→ Aim of the exercise: Without including any image, retype the records word for word.

→ Given records:
§ §

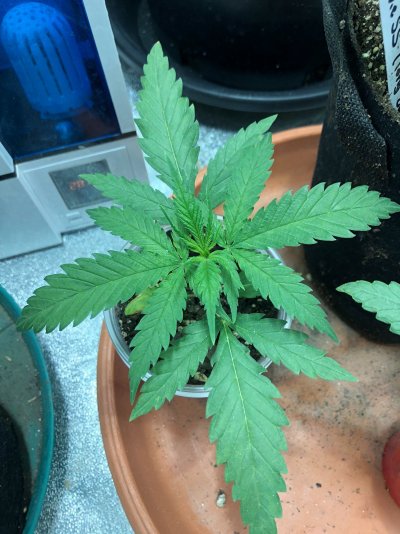 Nitrogen Deficiency in FFOF?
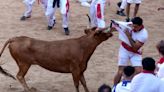 Stiertreiben in Pamplona beginnt mit "Chupinazo"-Böller und ersten Verletzten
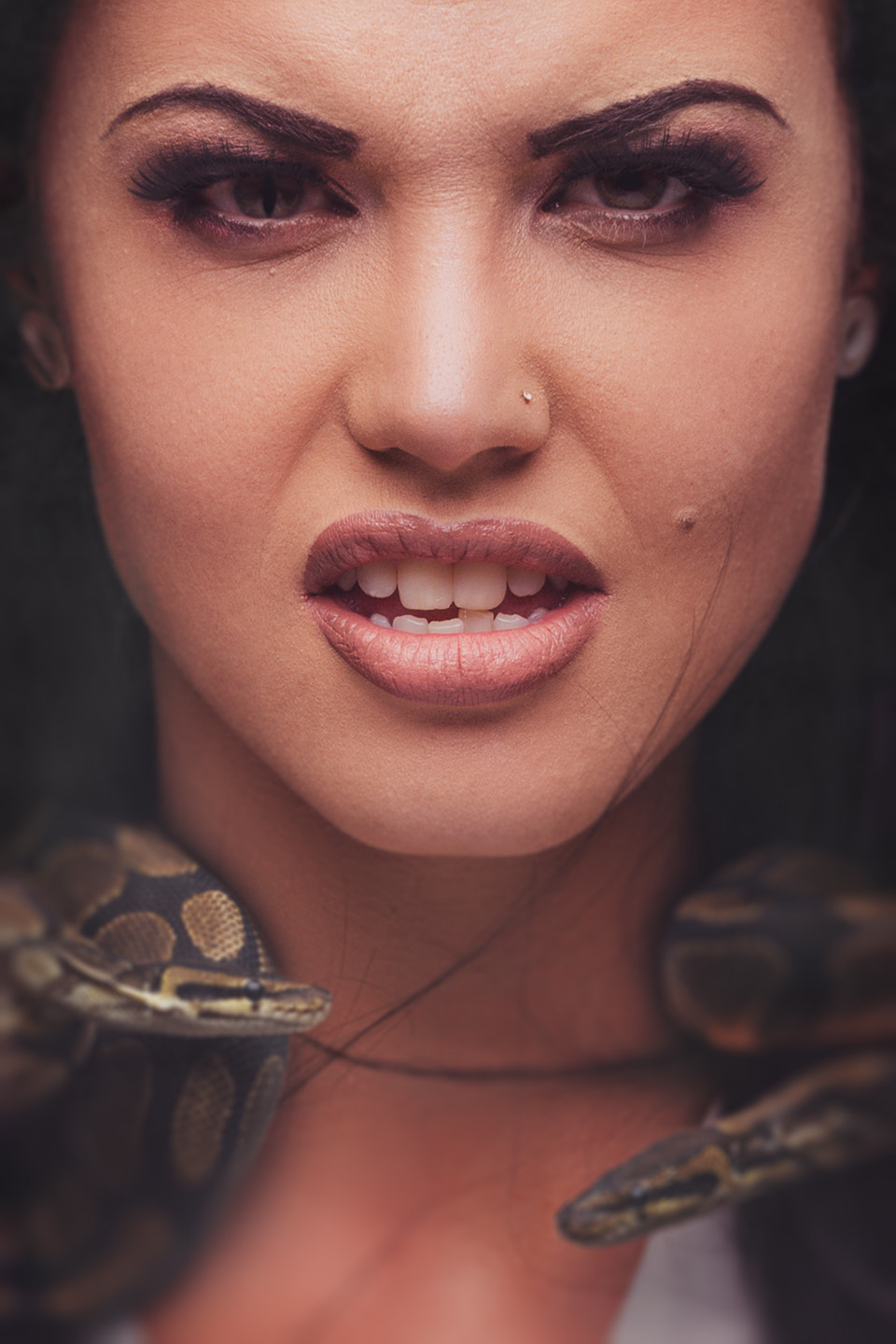 Nikon D800 sample photo. Medusa 2 photography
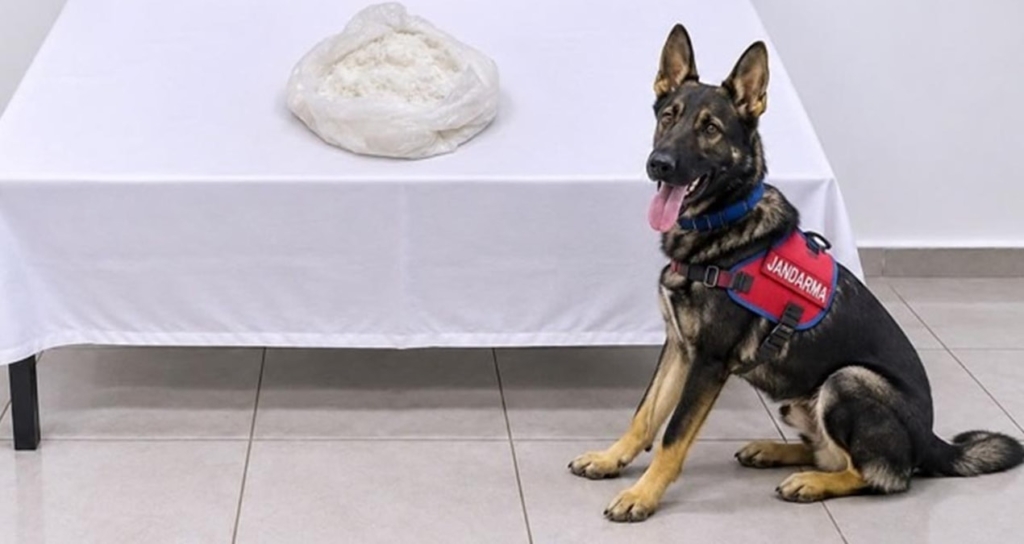 Van'da Otobüste 1 Kilo Metamfetaminle Yakalanan Yolcu Tutuklandı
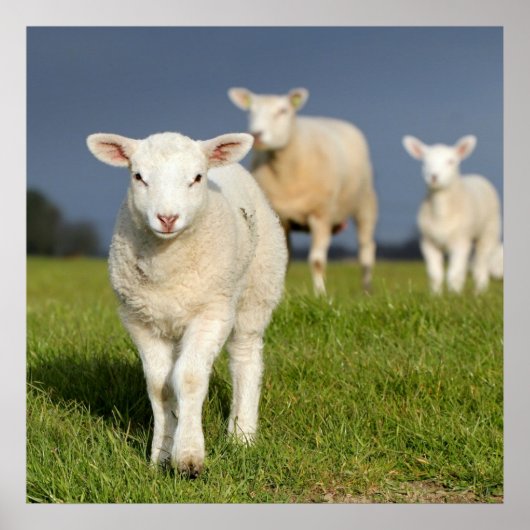 Poster Agneau curieux (Devant)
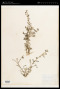 Coronopus didymus (L.) Sm.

§ §

→ Output below:
 Nitrogen Deficiency in FFOF?
 Stiertreiben in Pamplona beginnt mit "Chupinazo"-Böller und ersten Verletzten
 Nikon D800 sample photo. Medusa 2 photography
 Van'da Otobüste 1 Kilo Metamfetaminle Yakalanan Yolcu Tutuklandı
 Poster Agneau curieux (Devant)
 Coronopus didymus (L.) Sm.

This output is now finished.